In practice it may be found difficult to ensure that there is a perfectly flat surface on the ported face of the valve block 23 which is engaged by the control plate 26 and to overcome this problem the construction shown in FIGS. 10 and lOa may be used wherein the port openings are constituted by locally raised collars 25a, the outer faces of which can be formed accurately in a common plane and thus the flatness of the remaining area of this face of the valve block is not critical. Instead of collars raised from the face of the valve block, "0" rings could be used, inserted in said face.
In order to ensure that the pressure exerted on the collars 25a by the control plate 26 is evenly distributed over all four, the inclined face of the top plate 41 may have a part-spherical projection 44 which engages the wedge plate 37, the projection 44 being positioned so that its point of engagement with the wedge plate 37 is centrally located equidistant from the axial centre lines of all four collars 25a.
In an alternative arrangement the control of operation of the wedge plate may be separated from that of the control plate 26 by providing a second cam, on the same shaft as the cam 33, to control the wedge plate; this will allow for designing independent cam dwells as required.

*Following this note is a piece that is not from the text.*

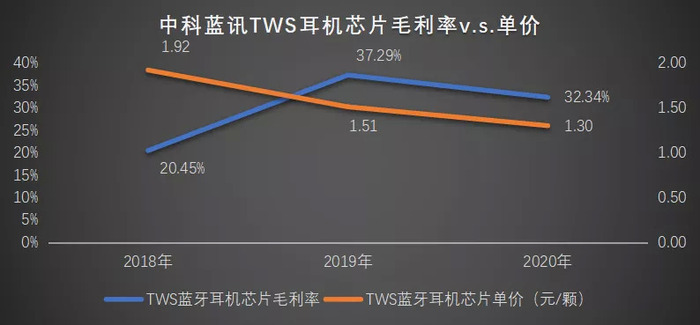 管家婆马报图今晚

The shower head above described may be used in a shower fitting of the type comprising flexible conduit, which may be co-axial (as described above), or may comprise twin hose connected at one end to the inlet manifold, and at the other end to separate hot and cold water outlets. Such outlets may be provided by fixed conduits provided (e.g.) in a shower cubicle there being also provided a mounting bracket on which the shower head may be mounted when desired, or may be provided by hot and cold water taps. Alternatively, such a shower fitting may be utilised in conjunction with a supplementary outlet of the type often provided on baths, a manual control member of which being movable alternately between a first position in which water is directed through an outlet into the bath itself, and a second position in which the water is directed through the supplementary outlet.
In the application of the invention to a shower fitting of the instantaneous type, it is envisaged that the flexible conduit will be connected at one end to the inlet manifold, and at the other end to the outlet of the heating chamber on the one hand, and to an additional cold water supply on the other hand. Such additional cold water supply may conveniently be provided by a bypass duct, conveniently being taken off adjacent to the inlet of the heating chamber. The valve means of the shower head may thus operate to monitor the temperature of the water flowing from the spray outlet thereof and in the event of a sudden rise in the temperature of the hot waterflowing from the heating chamber to the shower head, the valve means will be operative to increase the rate at which cold water is admitted to the mixing chamber, and/or to decrease the rate at which hot water is admitted to the mixing chamber, to stabilise the temperature of the water flowing from the shower head to the desired temperature.